Michael Bloomberg Vows to Pursue Contested Convention, Says He Doesn't Need to Win Super Tuesday States

Billionaire presidential candidate Michael Bloomberg said Tuesday he doesn't think he can win the Democratic Party's July nomination without a contested convention.

The former New York City mayor told reporters in his Miami campaign office that he's unsure if he can win any of the fourteen Super Tuesday states, adding that he doesn't need to win them if the party holds a contested convention. "You don't have to win states, you have to win delegates," Bloomberg said according to the Associated Press, also pointing to his ability to win delegates in the numerous races after "Super Tuesday" in states such as Florida, where he has campaigned heavily.

Bloomberg's comments follow up a statement made during a Monday Fox News town hall where he said that even a third-place candidate with "a small number of delegates" could still be given the party's nomination under a brokered convention.

On Tuesday, Bloomberg said critics who suggest he's taking away votes from former Vice President Joe Biden, a fellow moderate, are actually getting the scenario backwards.

"Joe's taking votes away from me," he said, NBC News reported.

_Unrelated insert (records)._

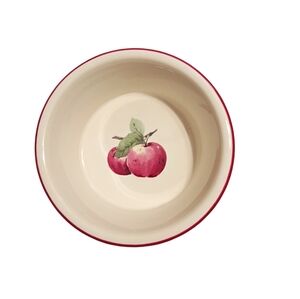 Pfaltzgraff "Delicious" pattern Bowl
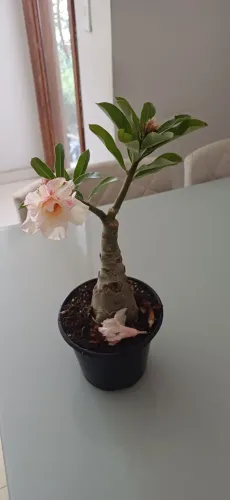 Rosa do Deserto Rara Florada - 3 Tonalidades de Cor (Já no Vaso + Substrato Premium)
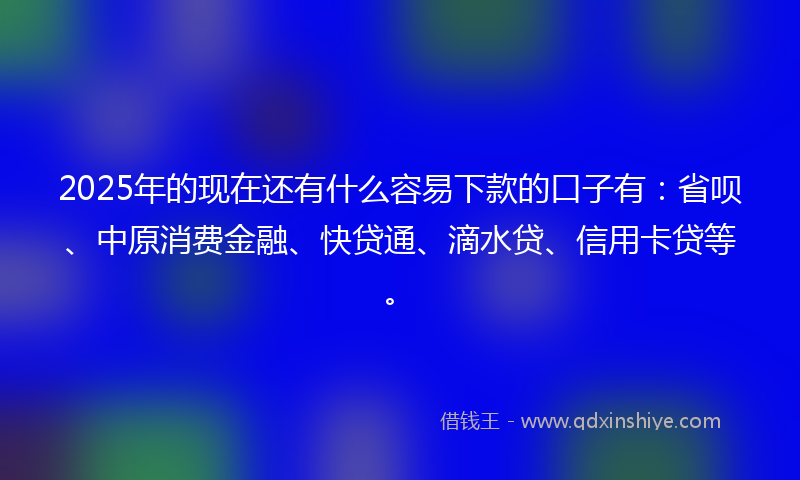 2025年的现在还有什么容易下款的口子有:省呗、中原消费金融、快贷通、滴水贷、信用卡贷等。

Bloomberg acknowledged that his projected delegate shortfall will mean a brokered Democratic convention in Milwaukee, Wisconsin this summer is his only route toward securing the party's nomination. He said it's "offensive" to him that Vermont senator and current delegate frontrunner Bernie Sanders is now opposed to a contested convention despite supporting the scenario in 2016.

"Well, I don't think that I can win any other ways," Bloomberg told reporters Tuesday in response to a question about moving forward should he not pick up enough delegates after Super Tuesday.

"But a contested convention is a democratic process," Bloomberg continued. "There are rules in the Democratic Party of how you go about this. And I did see Bernie Sanders said all of a sudden, he didn't want to follow the rules...I find it offensive that Bernie Sanders, who the last time he ran was in favor of that kind of a convention, and now was opposed to it. I guess where you stand depends on where you sit."

The Associated Press notes that Sanders has wavered on his views of a contested Democratic convention since his race against Hillary Clinton in 2016 - a fact hammered upon by Biden and his rivals during a February debate. But Sanders highlights that rules surrounding superdelegates - which were changed in the last four years by the DNC - are the cause behind his differing opinions.

"I'm not being inconsistent with what I said in 2016. ...If we go into Milwaukee, into the Democratic Convention with a lead, having won many, many states, having won the people's vote, and that is reversed at the convention, how do you think people all over this country are going to feel?" Sanders said at the February 24 debate.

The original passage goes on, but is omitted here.